As China ramps up digital yuan piloting, three major state-owned banks have released their e-CNY usage data along with their semi-annual reports, with tens of billions of yuan combined circulating through the banks’ systems.
China Construction Bank said that as of the end of June, it had helped set up 7.23 million personal e-CNY wallets and nearly 1.2 million corporate wallets, handling a total of 18.9 billion digital yuan (US$2.9 billion) worth of transactions, according to its interim report.
Bank of Communications, another state-owned bank, had opened 1.16 million personal digital yuan wallets and 130,000 corporate wallets, with total e-CNY transactions reaching 2.5 billion yuan (US$390 million), Qian Bin, the bank’s executive vice president, told the press on Friday following the release of the bank’s mid-year results.
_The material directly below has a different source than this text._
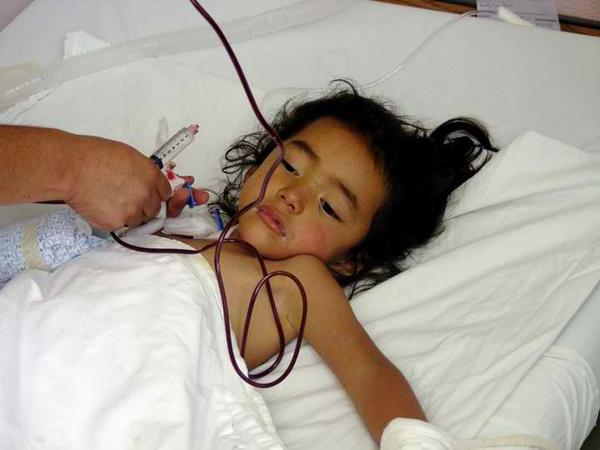 losdeaki's tweet photo. luchacontraelcancer (@losdeaki) 
Yo naci un dia q dios estuvo enfermo.... @Mariovipr @laxpr http://t.co/2pAPiy88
Industrial and Commercial Bank of China (ICBC) also stated its latest e-CNY implementation status. The bank said in its semi-annual report that as of the end of June, it had opened 3.56 million personal digital yuan wallets and 700,000 corporate wallets, with the number of signed merchants reaching 140,000, though it did not elaborate on the amount in e-CNY transactions it processed.
In a bid to further its digital yuan development, Postal Savings Bank of China has also added a new department dedicated to e-CNY business at its head office, local media Beijing Business Today reported.
Meanwhile, an ICBC branch in Shenzhen has recently launched what could be the nation’s first e-CNY consumer loan pilot, according to a report from industry media Mpaypass.com. Home Credit Consumer Finance Co. Ltd., a Tianjin-based consumer financing company, has joined hands with the ICBC branch to roll out the consumer lending option.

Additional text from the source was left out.